The increase in recent years of the number of litigants in person (LiPs) is largely due to the impact of the Legal Aid, Sentencing and Punishment of Offenders Act 2012 (the Act), which came into force on 1 April 2013. The Act served to reduce the scope for cases that could be covered by Legal Aid, which in turn ensured that those who cannot afford representation are taking on the mantle of representing themselves in litigation. In addition to this, the small claims jurisdiction increased to £10,000, resulting in the inexorable rise of 'DIY justice'.

Whilst it is important not to make assumptions about the competency of a LiP, it has been found that they are prone to misunderstand procedural rules and legal principles. Judges have estimated that hearings involving litigants in person last 50% longer (this has been disputed, and in any case, the length of the hearing is not necessarily an accurate reflection of how well a LiP has pleaded his or her case).
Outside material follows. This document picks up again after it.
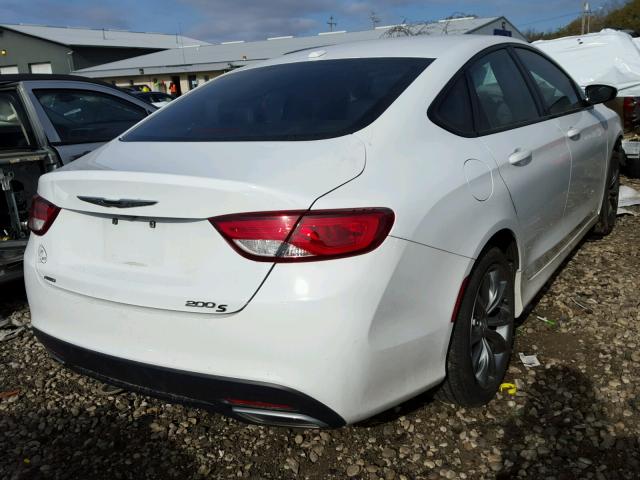 1C3CCCDG8FN541018 - 2015 CHRYSLER 200 S WHITE photo 4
The Courts tend to lean in favour of a LiP, given their lack of familiarity with procedural rules and the natural difficulty they face in representing themselves. For example, in the recent case of Suh and another v Mace (UK) [2016] EWCA Civ 4, the Court held that a LiP can benefit from the without prejudice rule, without knowing what it means.

The Court can even actively assist the LiP with its case, for example by asking the represented party to prepare bundles and other documents, even though they would not ordinarily be responsible for them. The Admiralty and Commercial Court guide, for instance, states that "where a LiP is involved in a case the court will expect solicitors and counsel for other parties to do what they reasonably can to ensure that he has a fair opportunity to prepare and put his case." Sometimes, lawyers will have to take a lenient approach when dealing with a LiP, and indeed bear the cost of doing so.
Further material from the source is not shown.